As a common organic component in CE, polyethylene oxide (PEO) based polymers have good solvation for most lithium salts and are the most widely studied polymer electrolyte substrates in published literature7. Lithium ions are transported by coordination/dissociation with PEO ether oxygen atoms and accompanied by motion of PEO segment8. However, the high crystallinity of PEO at room temperature limits the motion of PEO polymer segments, resulting in low ionic conductivity at room temperature(10−8~10−6 S cm−1)9, 10; On the other hand, the Electrochemical Stability Window (ESW) of PEO is usually lower than 3.7 V, which restricts the application of some advanced cathode materials with high potential in batteries, thus limiting the improvement of the batteries performance, such as specific capacity, energy density, charge discharge and cycle performance11, 12. Polyacrylonitrile (PAN) has high dielectric constant, excellent mechanical and thermal performances, flame retardancy, wide electrochemical window, and is easy to form films13. There is not only interaction between Li+ and nitrile group (-CN), but also PAN can promote the dissociation of lithium salts due to its high dielectric constant and increase the concentration of charge carrier Li+, which is beneficial for reducing concentration polarization14. SiO2, TiO2, LZTO, etc. are commonly inorganic filler used in organic-inorganic composite electrolyte systems15, the inert filler can promote the dissociation of lithium salts and hinder the migration of anion in the electrolyte through Lewis acid-base interaction16, 17, even forming a long-range "space charge zone" to promote the transportation of lithium ions18; inorganic active fillers can independently participate in the transportation of lithium ions, but the cost is too high19. Lin et al. obtained PEO:LiClO4/SiO2 composite electrolyte( EO/Li = 8:1,mass ratio) by adding 10 wt.% nano-SiO2 to PEO, which has a ionic conductivity of 1.2 mS cm-1 at 60℃ and a wide electrochemical window of 5.5 V 20. Based on this fact, it can be seen that the combination of solid polymer electrolytes and inorganic nanoparticles can significantly improve the Li+conductivity and Li+ transference number of solid polymer electrolytes 21, 22.

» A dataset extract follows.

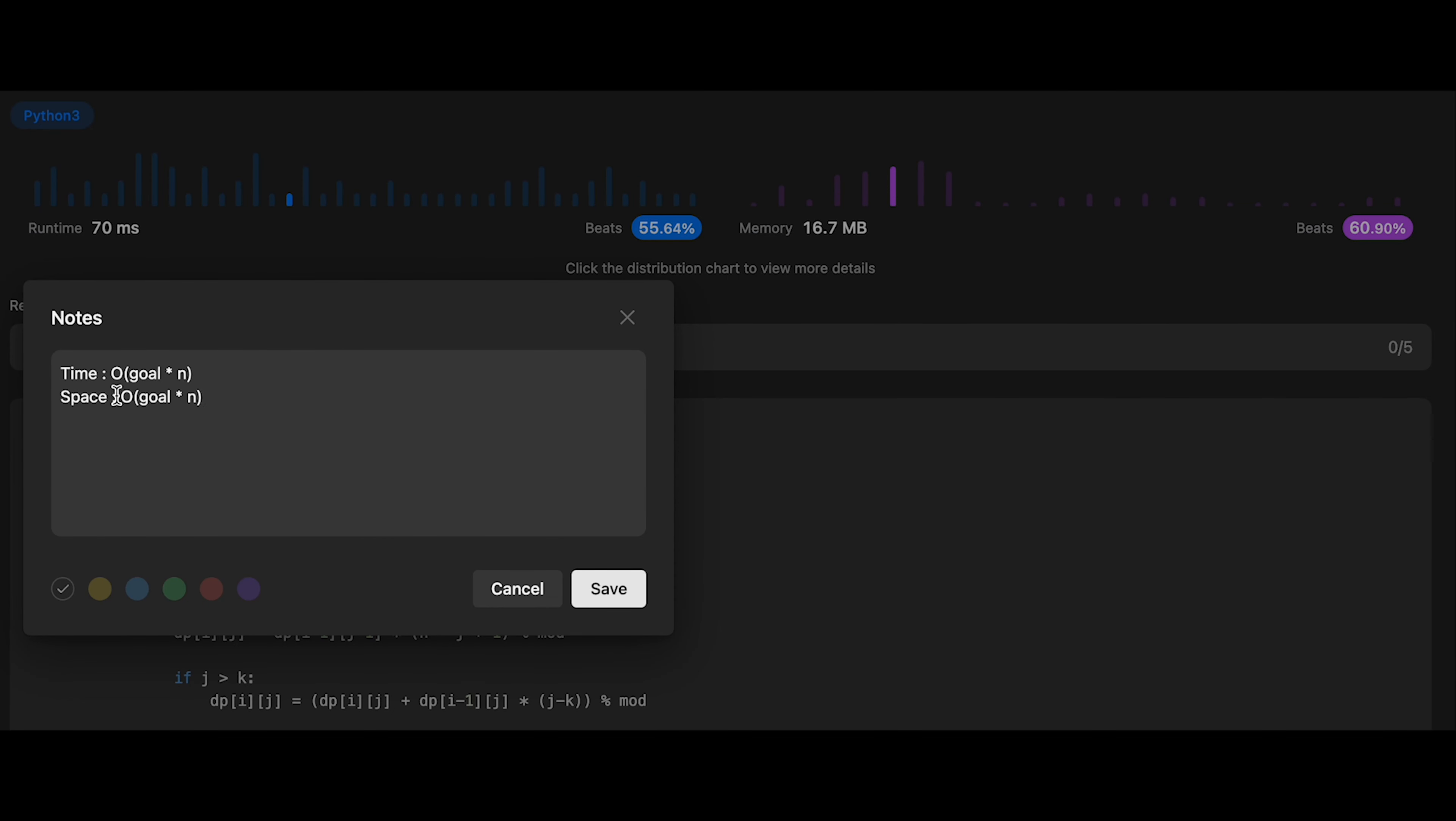And the time complexity of this solution should be O(goal × n). We need to iterate over a two-dimensional dp table of size goal plus 1 by n plus 1. In each cell, we perform constant time operations. And the space complexity is also O(goal × n) because we create a 2D array of size goal by n.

In this manuscript, the cross-linked copolymer poly (PEGDA-co-AN) is prepared by a free radical random copolymerization using polyethylene glycol diacrylate (PEGDA) and acrylonitrile (AN) as the monomers, and 2,2-azodiisobutyronitrile (AIBN) as a initiator, and a composite polymer electrolyte poly (PEGDA-co-AN) /LiTFSI/nano SiO2 with high entropy structure and high conductivity has been designed and fabricated. The influence of Lewis acid-base interaction between nano SiO2 additive and -CN or C-O-C on Li+ transport has been investigated, and a new idea is proposed to improve the lithium ion transport in the composite polymer electrolytes by adjusting the local charge environment of polymer electrolytes, and the composite polymer electrolyte poly (PEGDA-co-AN) /LiTFSI/nano SiO2 obtained exhibits a room temperature ionic conductivity of 3.5×10−3 S cm−1, Li+ transference number of 0.58, and the electrochemical stability window greater than 5 V.